Menhum Sebut 300 WNI Ajukan Lepas Kewarganegaraan, Pastikan Kenaikan Tarif Tak Berpengaruh
Jakarta - Menteri Hukum Supratman Andi Agtas menegaskan bahwa kenaikan tarif perpindahan status kewarganegaraan tidak memberikan dampak signifikan bagi
Menhum: Kenaikan Tarif Tidak Ganggu Masyarakat, 300 WNI Sudah Ajukan Pelepasan Kewarganegaraan
Lintasnaya.com – Jakarta – Menteri Hukum Supratman Andi Agtas menegaskan bahwa kenaikan tarif perpindahan status kewarganegaraan tidak memberikan dampak signifikan bagi masyarakat luas. Pernyataan ini disampaikan di Gedung DPR RI pada hari Selasa, 21 Juli 2026.
Meskipun terjadi peningkatan biaya, tercatat sebanyak 300 Warga Negara Indonesia telah mengajukan permohonan untuk melepas kewarganegaraannya dan menjadi Warga Negara Asing. Menteri menjelaskan bahwa kenaikan tarif tersebut lebih banyak memengaruhi pihak asing yang ingin mendapatkan kewarganegaraan Indonesia.

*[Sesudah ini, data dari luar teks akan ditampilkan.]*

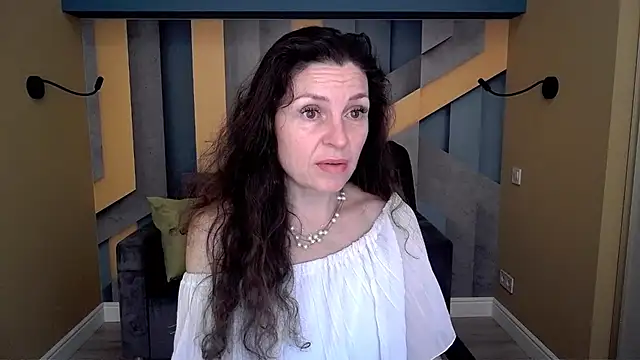 XXX chat uživo modela EllaLong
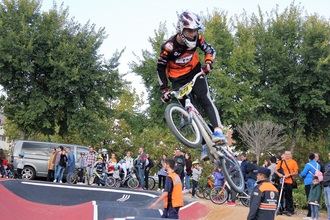 Decenas de niños y jóvenes abarrotan el circuito de Pump-Track de Valdeluz en el día de la inauguración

“Demikian pula halnya kenaikan tarif untuk pelepasan kewarganegaraan. Kira-kira permohonannya 300 sampai dengan saat ini, ada 300 orang. Jadi nggak ada pengaruhnya bagi masyarakat umum,” katanya.
Supratman menambahkan bahwa jumlah permohonan kewarganegaraan dari warga asing setiap tahunnya relatif kecil, berkisar antara 1.000 hingga 1.500 permohonan. Hal ini menunjukkan bahwa kebijakan baru tersebut tidak akan mengganggu kehidupan masyarakat pada umumnya.
“Tahu nggak? Kira-kira permohonan paling tinggi orang setiap tahun yang mau mendaftar menjadi warga negara Republik Indonesia itu paling tinggi 1.000 sampai 1.500 orang permohonan. Jadi nggak ada pengaruhnya di tingkat masyarakat secara umum,” ujarnya.
Persyaratan dan Alasan Kenaikan Tarif
Bagi para pemohon kewarganegaraan Indonesia, terdapat ketentuan khusus mengenai masa tinggal. Mereka harus menetap di Indonesia selama lima tahun berturut-turut atau sepuluh tahun dengan selang waktu tidak berturut-turut. Menteri menilai sebagian besar pemohon memiliki kemampuan finansial yang cukup untuk memenuhi persyaratan tersebut.
Menurut Andi, salah satu alasan utama kenaikan tarif adalah untuk mendukung transformasi digital di lingkungan Kementerian Hukum. Biaya layanan pelepasan kewarganegaraan kini naik dari Rp1 juta menjadi Rp5 juta. Peningkatan ini diperlukan untuk pemeliharaan sistem digitalisasi yang sedang dibangun.
“Dari Rp1 juta menjadi Rp5juta. Kenapa? Satu, kita kan membangun sistem, Kementerian Hukum sekarang bertransformasi menjadi kementerian dengan sistem digitalisasi, full digitalization. Alat ini harus dipelihara,” ujarnya.
Kementerian Hukum tidak hanya mengelola satu jenis layanan saja, melainkan total 530 layanan publik yang perlu dijaga kualitasnya. Saat ini, tarif untuk pelepasan kewarganegaraan Indonesia ditetapkan sebesar Rp5 juta, sementara permohonan untuk menjadi WNI mencapai Rp75 juta.